Le rivolte contro il dittatore hanno causato l'interruzione delle operazioni di controterrorismo. In queste condizioni gli uomini di Bin Laden hanno troppa libertà di manovra e potrebbero rafforzare i piani per possibili attacchi in Europa e in America. L'allarme è stato lanciato da diplomatici americani e da analisti dell'intelligence intervistati dal Nyt.

Da metà gennaio le truppe yemenite si sono concentrate a Sana'a, la capitale, per far fronte alle continue manifestazioni anti-Saleh. Così facendo hanno lasciato indifesi i territori di molte province periferiche, dove Al Qaeda non ha tardato a riempire il vuoto di potere. Nelle ultime settimane gli attacchi dei terroristi a postazioni militari strategiche si sono moltiplicati.

Sembra inoltre che nuovi miliziani stiano arrivando nello Yemen da diverse parti del mondo, compreso il Pakistan. Secondo alcuni analisti, Saleh avrebbe ritirato l'esercito dai territori meridionali e sudorientali proprio perché Al Qaeda se ne impadronisse. Lo scopo del dittatore sarebbe di far precipitare la crisi in modo da convincere gli americani a sostenerlo.

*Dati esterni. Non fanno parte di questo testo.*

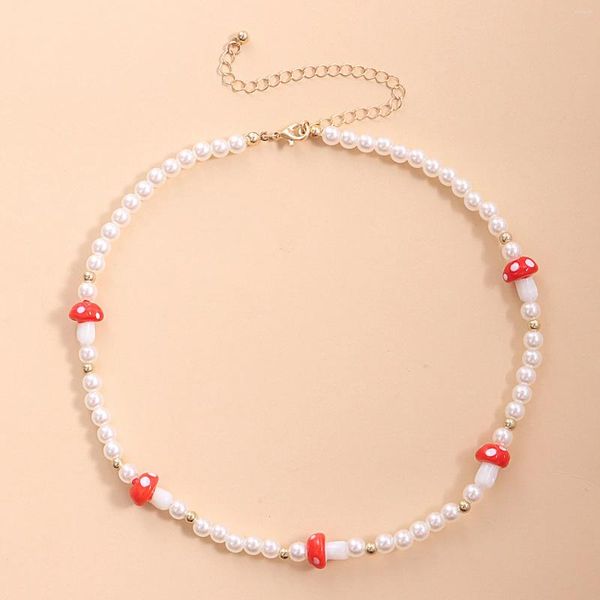 Halsband, modische Perlenkette für Frauen, am Hals, Zubehör, Pilz-Imitationsperlen-Halskette, Schmuck, 40 cm lang, 1 Stück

In effetti Washington si trova di fronte a un bel dilemma: deve rimuovere Saleh e al tempo stesso garantire la ripresa delle operazioni contro Al Qaeda. Una prospettiva non semplice, considerando che il figlio del dittatore e tre dei suoi nipoti sono a capo delle quattro maggiori agenzie di sicurezza e controterrorismo del Paese. Fra queste, anche la Guardia Repubblicana e le Forze di Sicurezza Centrali, addestrate ed equipaggiate dagli Stati Uniti. Un improvviso cambiamento ai vertici di tutte le organizzazioni sarebbe una mossa più che rischiosa. Per questo gli americani stanno disperatamente cercando degli ufficiali del posto preparati e leali da usare come rimpiazzo.

Intanto continuano le violenze nel Paese. L'appello di Saleh ad interrompere le proteste, come prevedibile, non è stato ascoltato. Gli scontri più violenti sono avvenuti domenica e lunedì nella cittadina meridionale di Taiz. Decine di migliaia di manifestanti stavano marciando verso la sede del governo quando i militari hanno iniziato a sparare.

Pare che abbiano aperto il fuoco anche alcuni poliziotti in abiti civili, infiltrati nel corteo. Sono state uccise 17 persone, oltre 400 i feriti. Lunedì nel porto occidentale di Al Hudaydah, affacciato sul Mar Rosso, ci sono stati altri due morti. Nel frattempo a Sana'a gli uomini di Ali Mohsen al Ahmar, il generale passato dalla parte dei ribelli, impediscono alla polizia di sgomberare i manifestanti in piazza del Cambiamento. Venerdì si sono registrati altri scontri a Taiz, dove la polizia ha ucciso tre persone. I feriti da arma da fuoco sono stati 25, 200 gli intossicati dai gas lacrimogeni. Nuove manifestazioni anche ad Aden e a Hudaida, dove decine di migliaia di persone sono scese in piazza.

Non bisogna però dimenticare che le proteste degli ultimi mesi non sono l'unica causa della crisi yemenita. Continuano ad essere attive anche altre ribellioni, come quella degli Houthi, gruppo insediato nel nord del Paese, e quella del movimento secessionista meridionale. La già fragile economia yemenita, intanto, è praticamente implosa. A darle il colpo di grazia è stato proprio Saleh, che ultimamente ha speso un mucchio di soldi per pagare persone che fingessero di manifestare in suo favore e comprare la fedeltà dei capi tribù.

Per risolvere almeno il problema della successione di Saleh, martedì il Consiglio di Cooperazione del Golfo (composto da Bahrain, Kuwait, Oman, Qatar, Arabia Saudita e Emirati Arabi Uniti) ha invitato i rappresentanti del governo e dell'opposizione yemenita a Riyadh, dove i negoziati potrebbero finalmente sbloccarsi. Saleh inizialmente aveva accettato, ma mercoledì è tornato sui suoi passi, rifiutando ogni intromissione internazionale. Ma il progetto delle monarchie arabe del Golfo va avanti. Se dovesse realizzarsi trasformerebbe l'Arabia Saudita nell'alleato che toglie le castagne dal fuoco a Washington.